SUNRISE, FL. Live roach activity forced the emergency closure of Luv'n Oven Ale House at 10033 Sunset Strip on May 19, state records show, the second time in the Broward County bar's history that inspectors have ordered it shut down to protect public health.
The Florida Department of Business and Professional Regulation ordered the facility vacated by May 20. It passed a follow-up inspection and reopened the same day, at 10:52 a.m.
What Inspectors Found
Luv'n Oven Ale House: Recent Inspection Pattern
The closure-triggering violation was roach activity, the single finding that state inspectors treat as an immediate threat serious enough to remove a facility from service. Inspectors also cited two additional violations on May 19: improper sewage or wastewater disposal, and inadequate ventilation and lighting.
Those two intermediate violations remained on the May 20 follow-up inspection, even after the facility was cleared to reopen. The roach finding, however, was resolved.
What These Violations Mean
Roach activity is one of a short list of conditions under Florida food safety code that automatically triggers emergency closure. Cockroaches travel between sewage, garbage, and food preparation surfaces, depositing bacteria including Salmonella and E. coli on anything they contact. A single live roach in a food preparation or storage area is enough to warrant shutdown because the presence of one almost always signals a larger infestation behind walls, under equipment, and inside drains.
The sewage and wastewater violation cited alongside the roach finding compounds the concern.
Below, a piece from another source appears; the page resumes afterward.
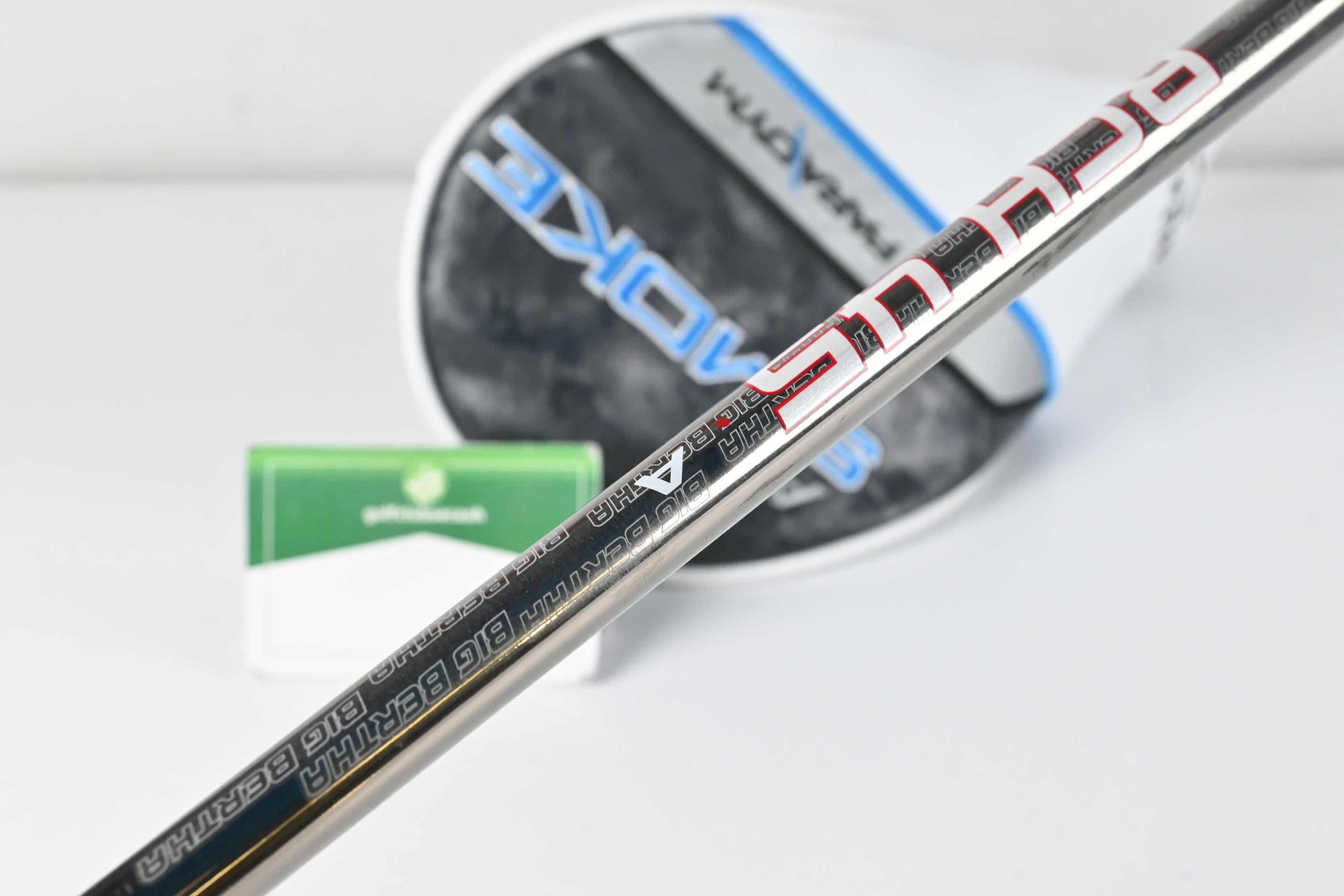 Callaway Paradym Ai Smoke Max D Driver / 12 Degree / Senior Flex RCH 45 Shaft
Improper sewage disposal creates the risk of fecal contamination spreading through a facility, and raw sewage provides exactly the kind of environment that sustains a roach population. The two violations, documented on the same inspection, are not unrelated.
Inadequate ventilation is the third citation from the May 19 visit. Grease-laden vapors and accumulated moisture inside a poorly ventilated kitchen create conditions where bacteria thrive and where a pest problem, once established, becomes harder to eliminate.
All three of those violations were still present, in some form, when inspectors returned the following morning.
The Longer Record
The May 19 closure did not arrive without warning. State records show Luv'n Oven Ale House has accumulated 195 violations across 28 inspections on record, and this was its second emergency closure in that history.
The facility has not had a clean stretch in recent memory. In November 2024, inspectors documented five high-severity violations in a single visit, the worst single-inspection tally in the recent record. That was followed by three high-severity violations in April 2025, four in October 2025, and then back-to-back inspections on consecutive days in February 2026, each producing two high-severity and three intermediate violations.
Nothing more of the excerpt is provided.